How to solve this DE for $v^3$?

I've been looking over this for a while now and can't find where I went wrong in my attempt.

A car's velocity $v$ is related to its displacement $x$ by the differential equation $$v\frac{dv}{dx}=\frac{p}{v}-kv^2$$ where $p$ and $k$ are constants. Show that $$v^3=\frac{1}{k}(p-pe^{-3x})$$

My attempt:

$$\frac{dv}{dx}=\frac{p-kv^3}{v^2}$$ $$\frac{v^2}{p-kv^3}\frac{dv}{dx}=1$$ $$\int\frac{v^2}{p-kv^3}dv=x+c$$ Let $u=p-kv^3$, $du=-3kv^2dv$ $$-\frac{1}{3k}\int\frac{1}{u}du=x+c$$ $$\ln(p-kv^3)=-3k(x+c)$$ $$v^3=\frac{1}{k}(p-e^{-3k(x+c)})$$ After substituting $v=0$, $x=0$ I found that, $$ -3kc=\ln(p)$$ $$ v^3=\frac{1}{k}(p-e^{-3kx}\cdot e^{-3kc})$$ $$v^3=\frac{1}{k}(p-pe^{-3kx})$$ But this does not match up with the required form so where is the mistake I have made?

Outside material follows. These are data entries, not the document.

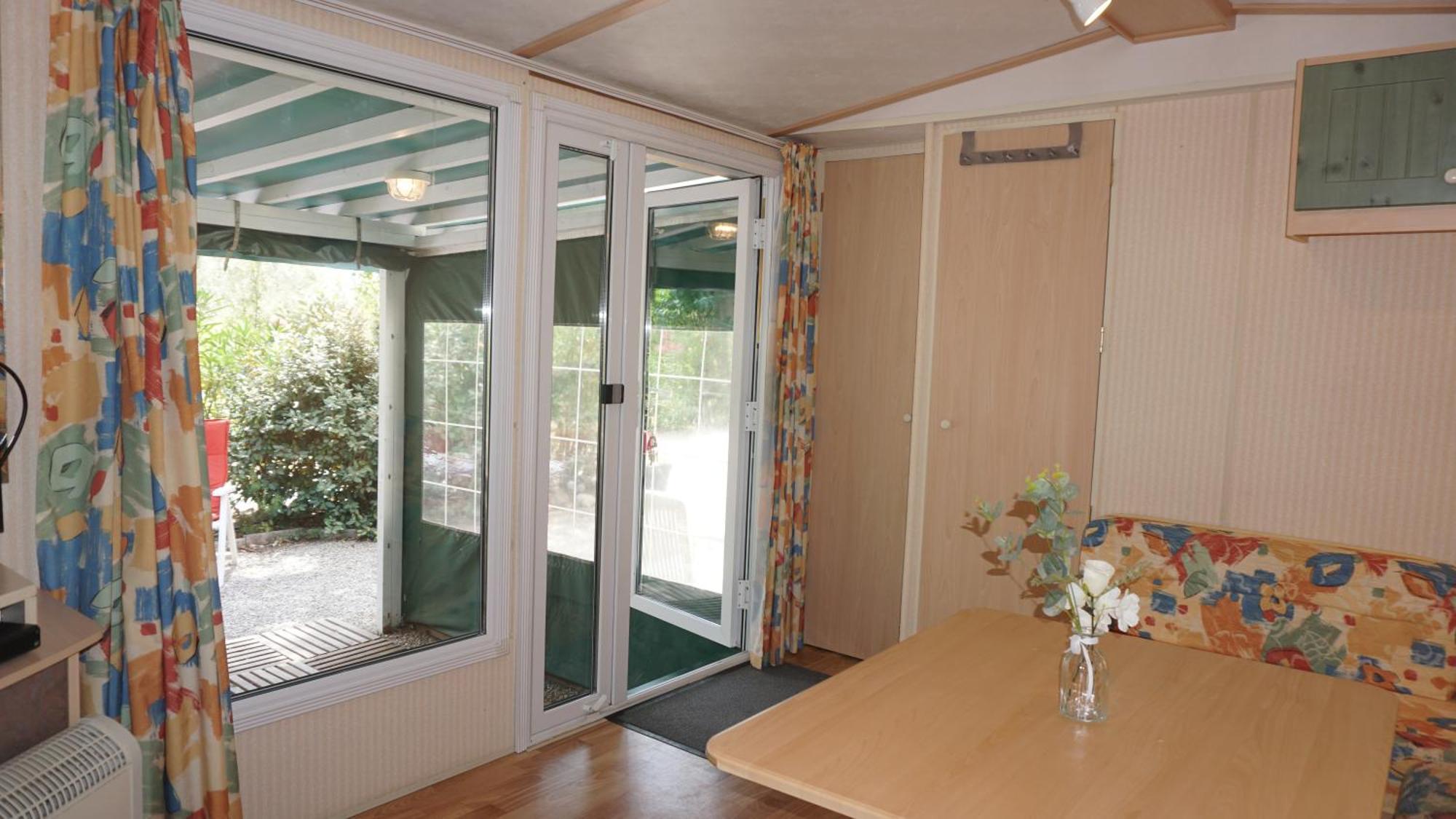 Chalets Met Buitenkeuken Op Camping Lei Suves - Joycasa Roquebrune-sur Argens Rum bild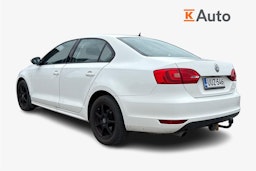 valkoinen Volkswagen Jetta 2012 kuva 2.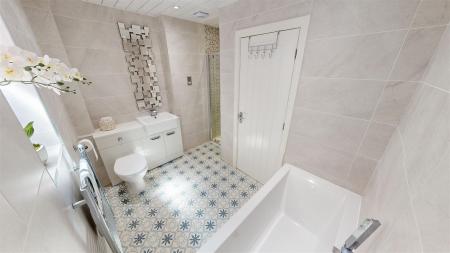 Chapel View Bathroom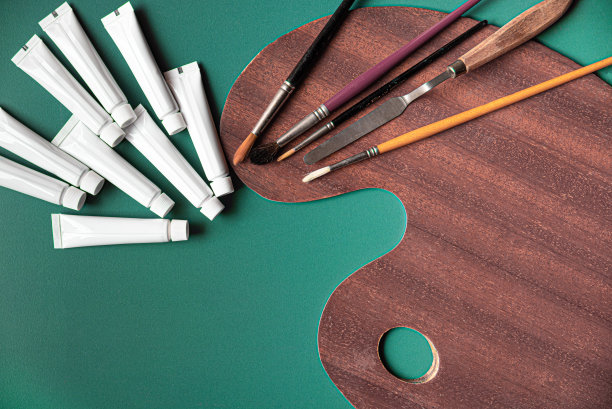 用管、刷子和调色板绘制材料图片下载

Thanks.

Solution 1:

There is no mistake, the reference solution is wrong in missing the factor $k$ in the exponent.

If you set alternatively $y=v^3$, you get $$ y'=3p-3ky, $$ and in this form as linear DE you can see that the exponential basis solution has a factor $-3k$ in the exponent.